Então, vamos tentar encontrar o exato momento em que o Aécio morreu pela primeira vez, ou se fodeu. Foi no dia 24 de março de 2017, no Hotel Unique, em São Paulo. O empresário e corruptor-geral da República, Joesley Batista, gravou 30 minutos de conversa entre os dois. O diálogo é de ruborizar flor de urucum e já foi amplamente divulgado. O ainda senador alega que foi vítima de uma arapuca e se defende utilizando estratégias propostas por bons advogados. Como o Direito é uma ciência humana, ele pode até escapar ou protelar por muito tempo uma condenação. Mas não há dúvida: se fodeu.

Criado para ser presidente da República, Aécio caminhou nos trilhos dos trens mineiros e preparou direito sua ascensão para se tornar um político nacional. Disputou as eleições presidenciais contra uma candidata fraquíssima, que contava, porém, com uma estrutura de marketing gigantesca, dinheiro a rodo -agora sabemos como foi arrecadado – e utilizou a máquina governamental sem nenhum pudor. Aécio perdeu ganhando. Num exercício de futurologia, seria o candidato mais forte à Presidência da República nas próximas eleições. Superando o próprio Lula. Mas a roda da história girou de outra maneira, e o mineiro que gosta de mar morreu pela boca.
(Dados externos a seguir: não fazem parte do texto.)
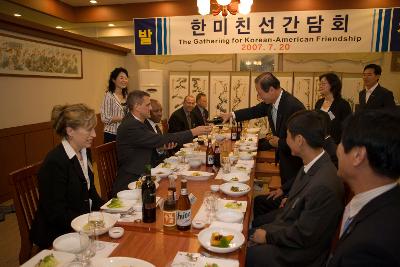 외국인 대사에게 포도주를 따라주시는 문동신 시장님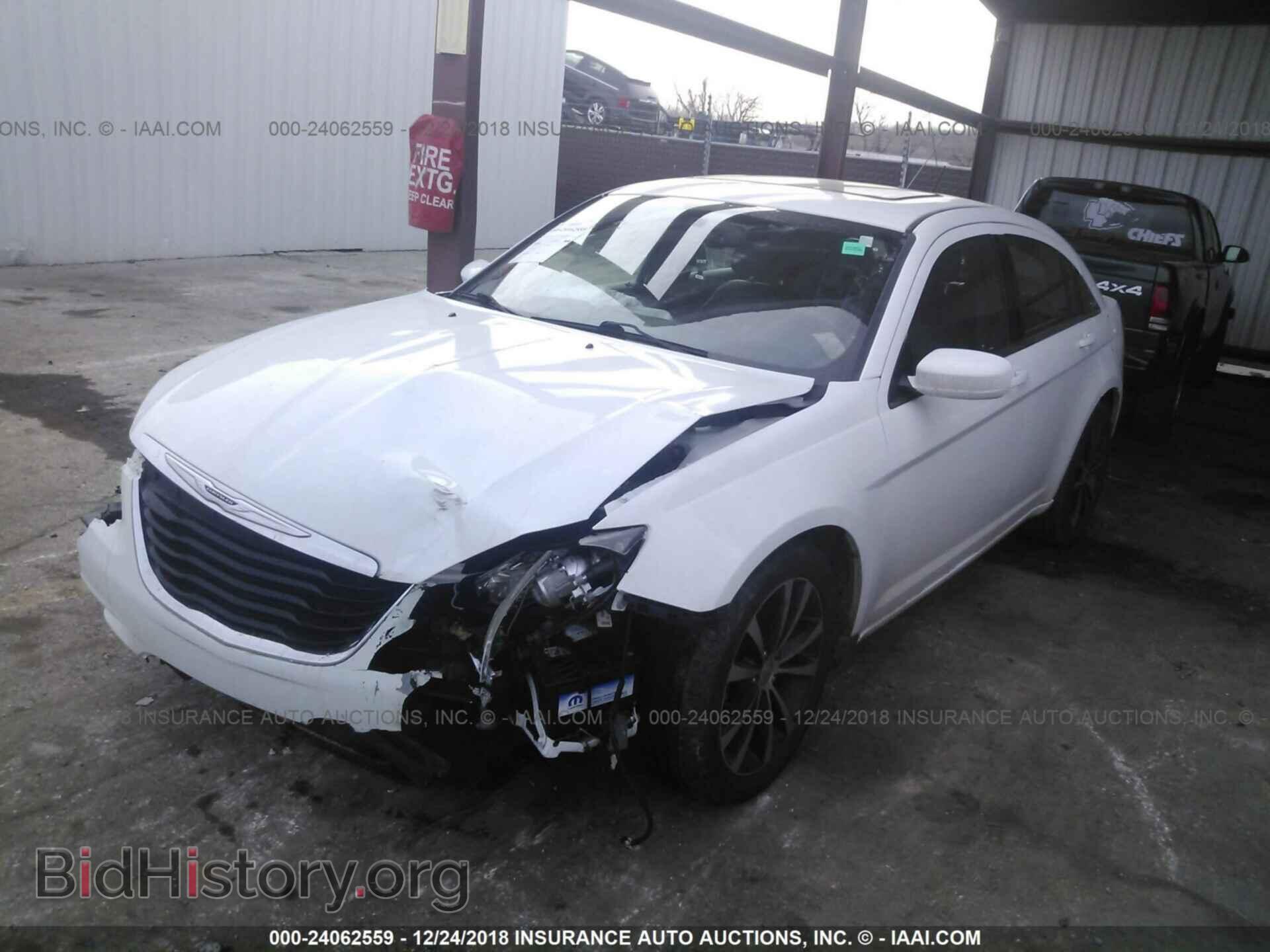 2013 CHRYSLER 200 - VIN: 1C3CCBCG9DN700072 - Фото 2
Na disputa, Aécio conseguiu atrair muita gente, não por ser um líder, mas por representar o antipetismo. Atraiu quem votou por eliminação. Restava então preservar esses votos e confirmar ser um candidato capaz e viável. O diálogo gravado revelou o caráter que o político escondia. O polimento anterior, a educação, a maneira correta de se expressar foram para o espaço. Surgiu ali, em todo o seu esplendor, um jeito acanalhado de falar e se comportar. Tisnou definitivamente sua imagem. Não há mais como recompor com esse eleitorado que conquistou por eliminação. Ninguém chorou por ele, ninguém acampou por ele. Virou um moribundo político a vagar por aí. Se fodeu.

Acampamento

É inacreditável que, em pleno século XXI, a gente ainda assista a cenas de fanatismo político que lembram os grandes caudilhos, os populistas, os ditadores sanguinários de um extremo ao outro, além de os ridículos tiranos. Mesmo que seja forjada, a histeria mostra como ainda engatinhamos politicamente. A história nunca nos ensinou porque existe a necessidade de haver sempre um guia imortal. Os portugueses nos legaram o sebastianismo, tá certo, mas o fanatismo obtuso não tem pai, nem mãe.